ボイスドラマ「縁(えにし)」 Lyrics
- Genre:Spoken Word
- Year of Release:2025
Lyrics
「いらっしゃいませ」
蝉時雨が降り注ぐ奥飛騨温泉郷の老舗旅館。
先週も言ったけど、これでも私は若女将だ。
アーリーチェックインのお客さまをお迎えしたあと、
私はポケットからお守りを取り出す。
それはおじいちゃんの写真が入った、おばあちゃんのお守り。
もともと包んであった古い紙に包み直そうとしたとき、
びっしりと書き込まれた文字が目に入った。
ところどころ破れかけて文字もかすれていたけど、
その紙は古いビラだった。
・ここに書かれた軍事施設を攻撃します
・すみやかに避難してください
・私たちの敵はあなた方ではありません
え?
これって・・・・空襲の予告?
空襲って・・・せ・ん・そ・う?
裏面をめくると、北は小樽から南は都城まで、12の都市の名前。
その中には『高山』の文字も!
高山も空襲されたってこと?
ひょっとしておばあちゃん、このビラも大切にとっていたの?
そのとき、厨房から最古参の板さんが顔を出した。
ビー29が爆弾の中に爆薬でなく、ビラをつめて落としたんだよ。
すぐに届けないと憲兵につかまって酷い目に合わされるからね。
え?でも、このビラ、間違ったこと書いてないけど・・・
それが戦争というものさ。
板さんの声が胸に響く。
78年前のおばあちゃんの思いが頭の中に蘇ってきた。
■シーン2/1945年〜温泉宿+蝉時雨
「いらっしゃいませ」
「あ・・・」
玄関に現れたのは、軍服を着た若い青年だった。
「あの・・・実は、いま温泉は休業中なんです」
彼は残念そうな顔で私を見つめる。
聞けば、なんと鹿児島から汽車を乗り継いでやってきたのだという。
ここは奥飛騨温泉郷の老舗旅館。
今日はたまたまお留守番の私がいたけれど、
戦時中のいまは、私だって学徒動員で毎日工場勤務だ。
木製の飛行機を作る工場で部品を作っている。
え?
私の幼馴染に御用なの?
ちょっと待ってね。
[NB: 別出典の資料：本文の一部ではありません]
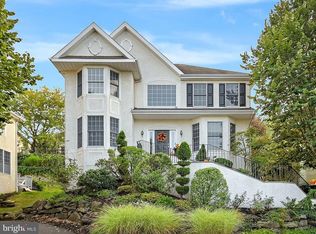 1111 Riverview Ln, Conshohocken, PA 19428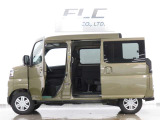 ボディカラーはオフビートカーキメタリック(G55)です。
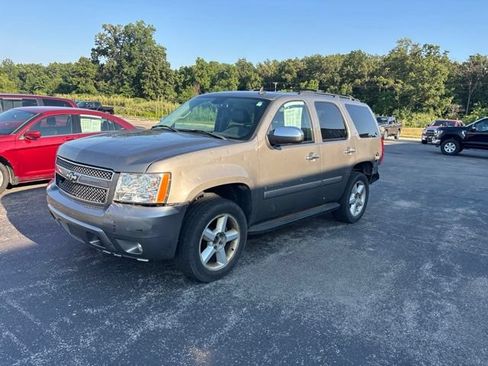 Used 2008 Chevrolet Tahoe LTZ w/ LTZ Preferred Equipment Group AWD/4WD image 6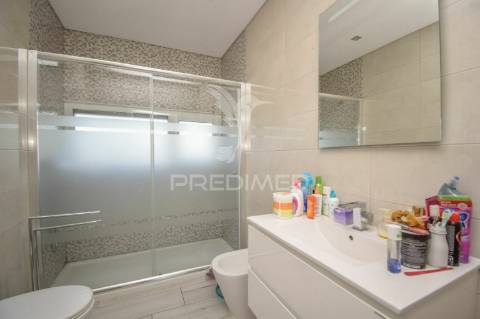 Moradia de tipologia t3+1, com duas frentes, localizada em sesimbra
工場にいるから呼んでくるわ。
さっき、爆弾じゃなくてビラが降ってきたって、ちょっとした騒ぎだったの・・・
あ、いけない!大きな声で言ったらダメなんだった。
彼は無口で、ただにっこりと微笑んだ。
彼を玄関に待たせ、私が幼馴染を連れて戻ってくると
2人は硬い握手を交わし、抱き合って喜んだ。
なんだ、知り合いだったのね。
え?
明日2人で出発する?
どこへ?
知覧?
それ、どこなの?
鹿児島!?
じゃあ、いつ帰ってくるの?
2人は顔を見合わせて、苦笑いをした。
ちょっとごまかさないで、教えてよ。
・・・特別攻撃隊?
なにそれ?難しいこ・と・ば・・・
ハッ!
とっ・・・こう?
うそ!そんなコト聞いてない!
しぃ〜、って、なに!?
大声出したっていいじゃない!
なんで!?なんでよ!
なんであなたたちが特攻いかなきゃいけないの!?
なきわめく私を、2人は優しくなだめながら、声をひそめてゆっくりと話してくれた。
心配しなくてもこんな戦争はもうすぐ終わる。
ぼくたちの行動を無駄にしないように、ちゃんと生きてほしい。
なに言ってるのかわかんないわ!
私、忙しいから!
え?なにするって?
決まってるじゃない!温泉、沸かしてくるのよ!!
こんなに体にいい温泉、入らずにいくなんておかしいじゃない!
振り返らずに釜へ向かう私を、彼らは止めなかった。
私は誰もいない釜場で火をつけながら号泣する。
やりきれない思いが、私の心を引き裂いていく。
2人の元へ戻ったとき、彼らは玄関の外に出ていた。
旅館の看板の前に三脚のようなものを立ててなにかの準備をしている。
狐につままれたような顔の私に、鹿児島の彼が、写真を撮ってほしい、と言った。
■シャッターの音
2人は肩を組み、思いっきり陽気な笑顔で写真に収まる。
でも私には、泣いているようにしか見えなかった。
■お湯の流れる音+虫の声
周りを竹で囲まれた露天風呂。
2人が湯船に入った頃には、もう日が暮れていた。
私は竹垣の外から、声をかける。
いいお湯でしょ。
明るい声で返事が帰ってくる。
今晩は2人で語り明かしたら?
なぜか、返事はなかった。
2人はゆったりと露天風呂を満喫して、玄関で待つ私のもとに戻ってきたのは
1時間以上もあとだった。
鹿児島の友達が私に声をかける。
君たち、許嫁なんだって?
え?
いや、まあ、親同士はそんな感じだけど・・・
じゃあ、今日祝言をあげなさい。
え?
僕が証人になろう。
え?だって・・・あなたは?
はは、僕はそのためにきたんだよ。
え〜?
奥手な彼に、大切なことを教えてあげなきゃいけないだろう。
そんな・・・
一度生まれた愛はね、命が尽きても消えることはないんだよ。
いざ、生きめやも。
そう言って彼は、私に小さなお守りを渡してくれた。
鹿児島から持ってきたというお守りには・・・『豊玉姫神社』?
・・・
翌日早く彼らは旅立っていった。
私には、未来永劫消えることのない絆と
かけがえのない愛の証を残して。
掛け流しの露天風呂に映る夕陽の赤は、彼らの魂の色だった。